Above: Mack Harrell at the State Line Lookout, Palisades Interstate Park, January 1, 2008
I first met Mack, and then his wife, through a rider’s forum conducted by About.com in 2005. Mack was one of the first riders to respond my “Annual Amish Horsepile Swerve Ride,” and then joined me on a number of other runs. Most notable was “My Return To Jersey City,” in which we met at Exchange Place, on the waterfront. We then rode up through Palisades Interstate Parkway. Details of that ride can be found here.
Above: Mack Harrell astride "The Queen," in view of the World Trade Center Site from Exchange Place, NJ. It was freezing cold that day, and Mack was idling the engine to run the heated gear.
I vividly remember two other runs with Mack: one through Gettysburg and another through rural Pennsylvania, just this side of Chambersburg. In each case, he was riding a super-powerful Japanese liter bike, and made it jump through hoops. He focused on the road when riding, and on the road entirely. On one ride past Dover Air Force Base, we shot by the remains of crashed C147. This plane was a lot bigger than a Boeing 747, and sat off in a field in two pieces, each the size of an apartment house.
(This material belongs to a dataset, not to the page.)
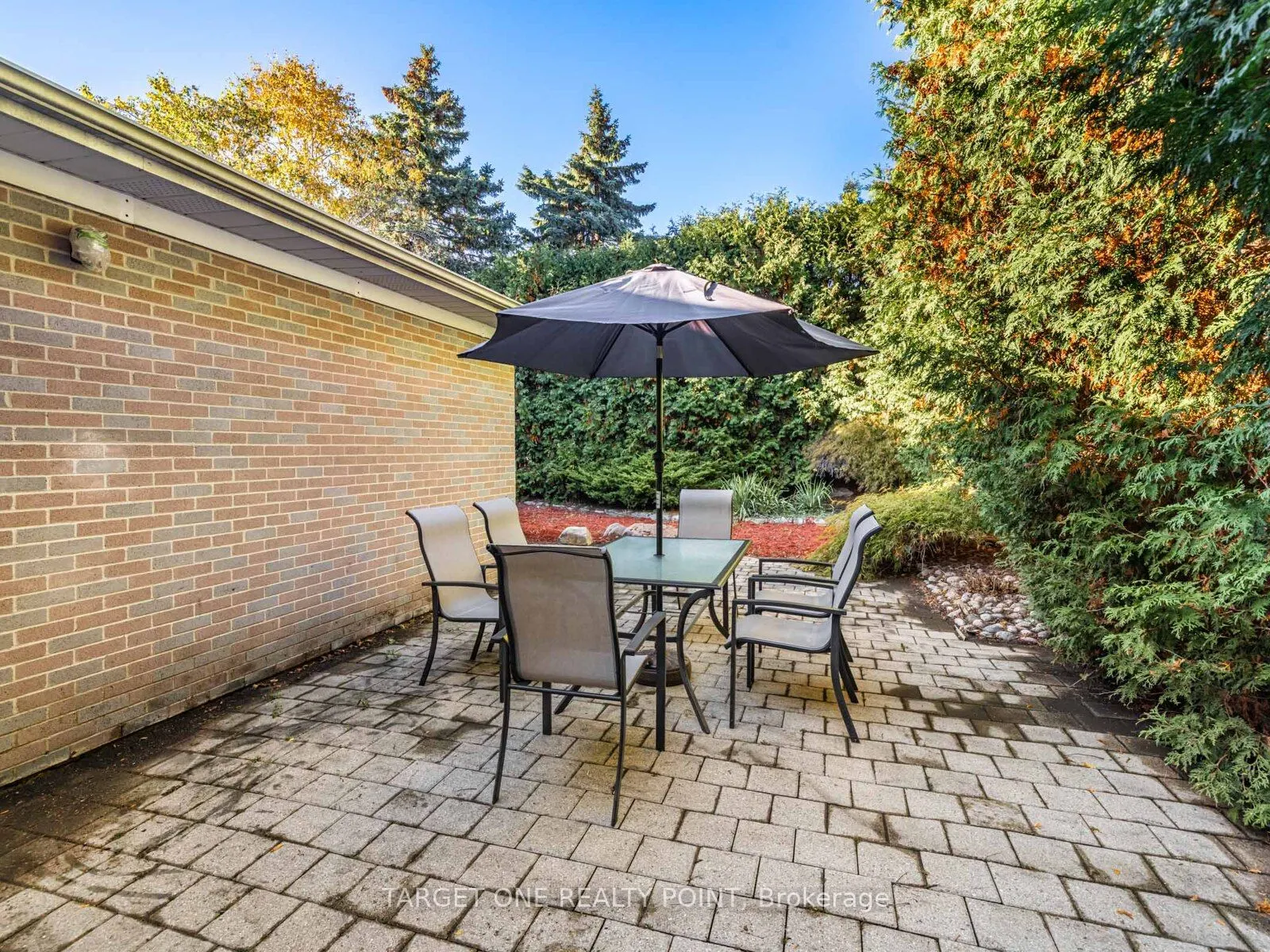 93 Mayvern Crescent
Stopping for a break five miles up the road, I said to Mack, “That must have been some plane crash, huh?”
Mack looked at me, blinked, and said, “What plane crash? What are you talking about?”
He rode a yellow and black GS, named “The Queen Bee.” Mack's wife, Karen, frequently rode pillion and joined us for the famous Haggis Run, one cold November.
Godspeed, Mack. I'm sure all Twisted Roads readers, both those who knew Mack in person, and those who rode with him in story, join me in extending my condolences to his wife, Karen.